Sentados em carteiras escolares, os alunos teclam em seus telefones, dos quais saem vozes artificiais metálicas.

– Esperança –

Em um país devastado desde 2011 pela guerra, Ahmed Talha abandonou os estudos de informática para empunhar armas contra o regime do presidente Bashar al Assad.

Em 2014 recebeu uma bala na cabeça. Sobreviveu, mas perdeu a visão.

“Não me abandonei. Continuei vivendo”, afirma Talha, com uma cicatriz no olho direito.

O ex-combatente é casado com duas mulheres e é pai. Agora acaba de se comprometer com uma terceira, deficiente visual como ele. Também retomou os estudos.

Seu olho direito ainda capta uma luz fraca. Por isso gosta de ficar sob os raios de sol.

“Me permite sentir um certo calor. Me ajuda muito, me dá esperança”, explica.

“Você segue entre trevas, mas é romântico. É como uma vela acesa no meio de um quarto grande”, acrescenta na janela de sua casa, com a cara banhada pelo sol.

Sua primeira esposa, Samia, com o rosto oculto sob um niqab (véu islâmico integral) preto, afirma que a cegueira de seu marido não impede que eles levem uma vida normal.

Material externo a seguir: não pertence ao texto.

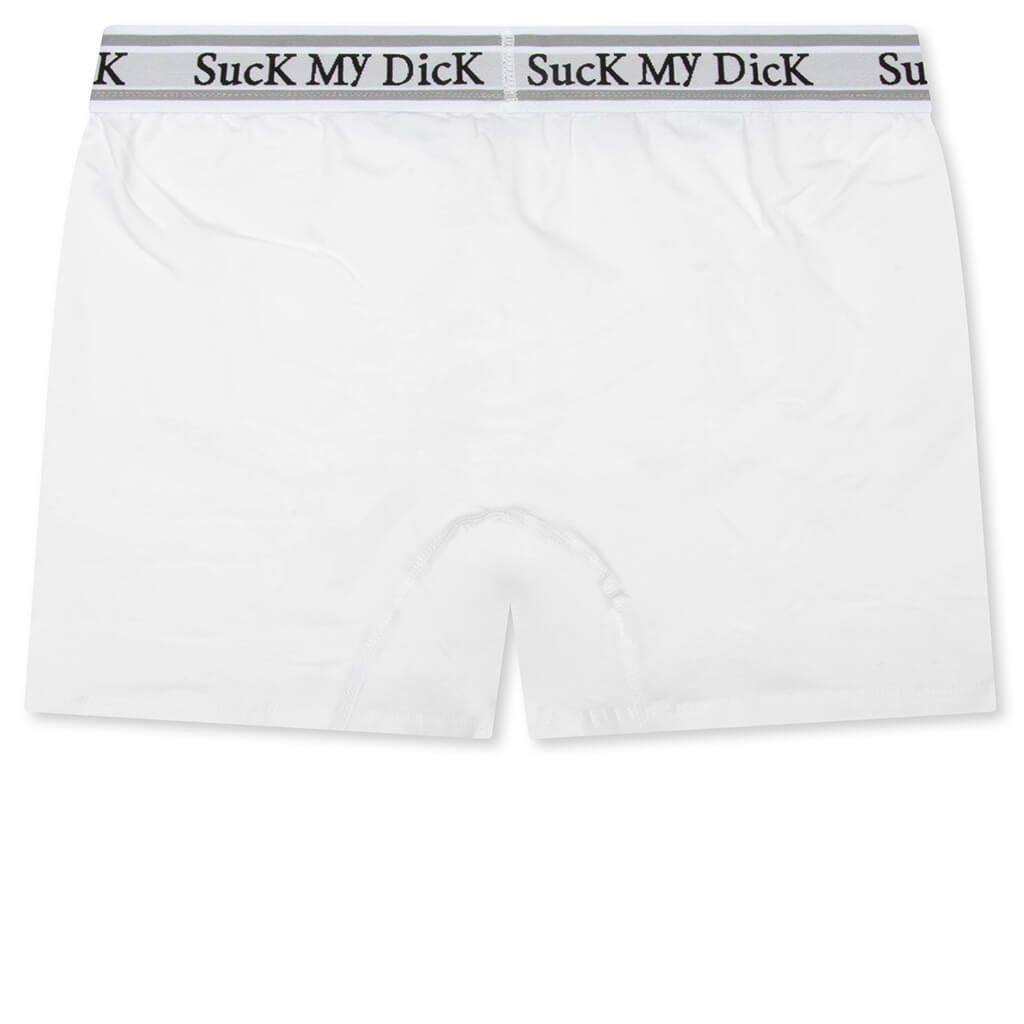 SMD Boxers - White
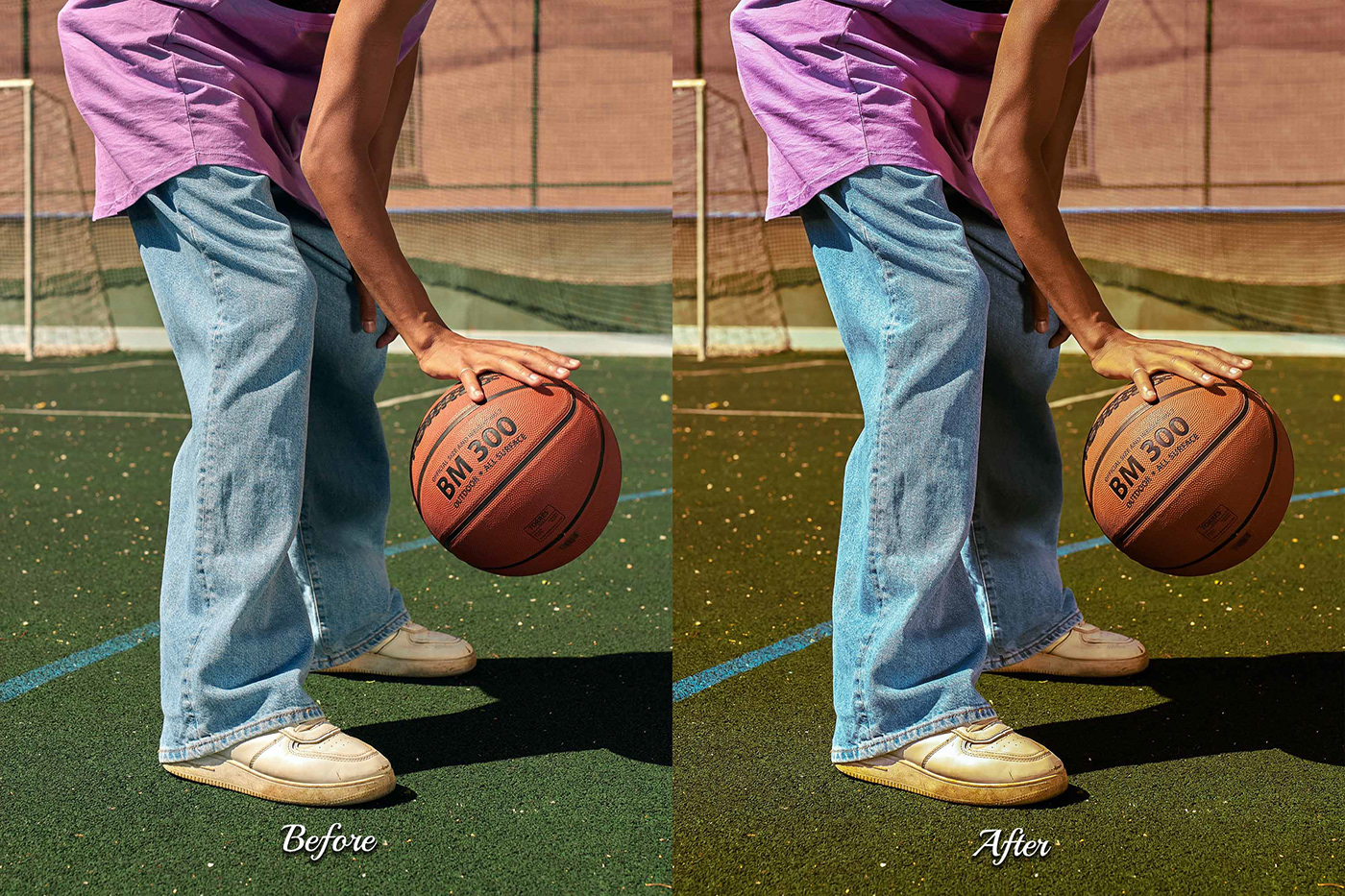 urban style Basketball Presets Bright and Light GlowBall Actions orange and teal photoshop actions photoshop filters Sports Themes Vibrant Filters Video Luts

“Vamos ao mercado juntos, visitamos amigos, passeamos à noite”, diz a jovem.

A associação funciona há meses graças a oito colaboradores, um financiamento modesto dos fundadores e algumas doações de particulares.

“O objetivo é tirar os cegos do isolamento”, explica à AFP o diretor, Ahmed Jalil.

Os meios são mais que limitados, lamenta. Há muitos civis com deficiências físicas devido à guerra e aos ataques aéreos.

Hoje só uma quinzena de pessoas participam das atividades da associação: apoio psicológico, cursos para aprender a caminhar com bengala, torneios de xadrez e partidas de futebol e handebol com bolas com sinos.

Também propõe formações para aprender a usar computadores, embora só disponham de um.